I think this is yet another example of human bias. We want these clear and precise categories, but not everything has clear and precise boundaries. Sometimes its a spectrum. Humankind may be a spectrum. We can certainly see stark differences when we look points on the spectrum that are well separated, but that doesn’t change the fact that there may be a fine gradation between other points.
Are we saying that there was a generation with no language, no burial rights, no sapience, and no sentience, and that the very next generation there was a population of humans who had all of those things in abundance? I highly doubt it. If we look at our closest primate cousins can we say that they don’t have any language or any inkling of sentience or sapience? There’s lots of evidence that even chimps may have rudimentary language.
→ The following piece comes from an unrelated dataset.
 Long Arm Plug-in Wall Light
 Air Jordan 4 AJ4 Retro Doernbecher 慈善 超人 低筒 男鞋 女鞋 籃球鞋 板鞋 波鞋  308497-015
Are they human?
I don’t think we should look at arbitrary boundaries and a lack of a consensus as a failing of science or those trying to define those categories. Instead, we should realize that we are trying to force nature into ill fitting boxes simply because of human preferences.
So how do you view the contrast between the genomes of H. neanderthalensis and ancient H. sapiens? From what I have read (which may be outdated), H. sapiens and H. neanderthalensis were separate species with only limited interbreeding, and it is backed by the differences in their genomes. This would at least be a genetic definition for H. sapiens, but it may not address the larger questions of whether earlier species were human in the philosophical sense.